I’m also working remotely, now, so my days are a strange brew of big thinking and non thinking, in punctuated intervals. We’ve got a bit more than a week left of the trip, though, so perhaps our physical and mental slowing is a way to prolong the magic.
The current count:
One morning of dodgy stomach
Two countries and about a dozen cities and towns visited
One headlamp lost
One gigantic cockroach discovered in my clothes
One blister packet of Diazepam
Two packs of cigarettes (jeez, I know)
One journal three pages from full
One bag full of exotic spices stinking up my luggage like nobody’s business
A pocketful of trinkets for friends and family
Four postcards purchased but neither written on nor mailed. Sorry, guys. Not my strong suit.

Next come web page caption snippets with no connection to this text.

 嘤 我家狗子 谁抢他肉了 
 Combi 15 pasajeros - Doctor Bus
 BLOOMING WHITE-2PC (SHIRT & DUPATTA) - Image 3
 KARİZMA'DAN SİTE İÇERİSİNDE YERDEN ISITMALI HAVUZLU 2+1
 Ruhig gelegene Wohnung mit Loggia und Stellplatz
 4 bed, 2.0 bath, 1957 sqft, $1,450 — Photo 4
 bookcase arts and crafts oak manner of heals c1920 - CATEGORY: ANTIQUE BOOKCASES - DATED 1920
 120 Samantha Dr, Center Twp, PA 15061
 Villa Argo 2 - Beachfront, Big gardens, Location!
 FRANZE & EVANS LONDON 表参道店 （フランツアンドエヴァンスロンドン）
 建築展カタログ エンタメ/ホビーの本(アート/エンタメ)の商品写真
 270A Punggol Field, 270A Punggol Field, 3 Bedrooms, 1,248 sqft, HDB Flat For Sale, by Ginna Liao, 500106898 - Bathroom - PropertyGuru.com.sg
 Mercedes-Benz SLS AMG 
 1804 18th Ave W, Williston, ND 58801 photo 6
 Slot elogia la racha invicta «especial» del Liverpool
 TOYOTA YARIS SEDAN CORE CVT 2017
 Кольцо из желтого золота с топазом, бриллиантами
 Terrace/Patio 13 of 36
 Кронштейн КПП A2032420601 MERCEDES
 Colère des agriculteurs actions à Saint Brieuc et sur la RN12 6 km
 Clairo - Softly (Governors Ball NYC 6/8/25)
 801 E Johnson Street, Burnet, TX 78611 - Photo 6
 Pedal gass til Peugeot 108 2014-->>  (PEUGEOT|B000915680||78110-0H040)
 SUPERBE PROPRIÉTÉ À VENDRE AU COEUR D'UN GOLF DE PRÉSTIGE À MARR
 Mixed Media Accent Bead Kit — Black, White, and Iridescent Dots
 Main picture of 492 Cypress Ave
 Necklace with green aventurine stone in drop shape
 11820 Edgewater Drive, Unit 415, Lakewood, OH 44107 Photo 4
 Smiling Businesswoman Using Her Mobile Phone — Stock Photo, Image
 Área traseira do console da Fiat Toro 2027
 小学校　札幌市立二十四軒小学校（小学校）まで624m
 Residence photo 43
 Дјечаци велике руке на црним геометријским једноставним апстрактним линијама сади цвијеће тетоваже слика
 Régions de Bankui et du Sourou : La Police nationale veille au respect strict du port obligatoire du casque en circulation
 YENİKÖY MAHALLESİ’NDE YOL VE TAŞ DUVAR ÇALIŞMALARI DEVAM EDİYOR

Oh, yeah, and half a dozen bizarre and elaborate dream sequences, courtesy of my anti-malarial pills. In the best-worst of these, I was wandering the countryside barefoot and in tears because I’d lost both my travel partners and my shoes. The solution was easy: I put on an old pair of shoes I’d forgotten I had in my backpack and then kept on moving alone. There’s a metaphor in there. Plain sight, but it’s got nothing to do with this trip, or my travel partner, Emily, with whom I am getting along famously. Probably, it’s more about needs versus wants, and stomaching losses with minimal wailing and gnashing of teeth in general. In the “Real World,” to which I will soon return, and where I struggle mightily to stay centered and calm.
The hope is always that the lessons will make their way home with you, and continue to work on you well into the future. Adversity begets character, for sure. Even the good kinds of adversity, the kinds you hurtle at yourself, just to see. Like traveling to rag-tag countries full of wild smells and sights. Pretty much a sure thing.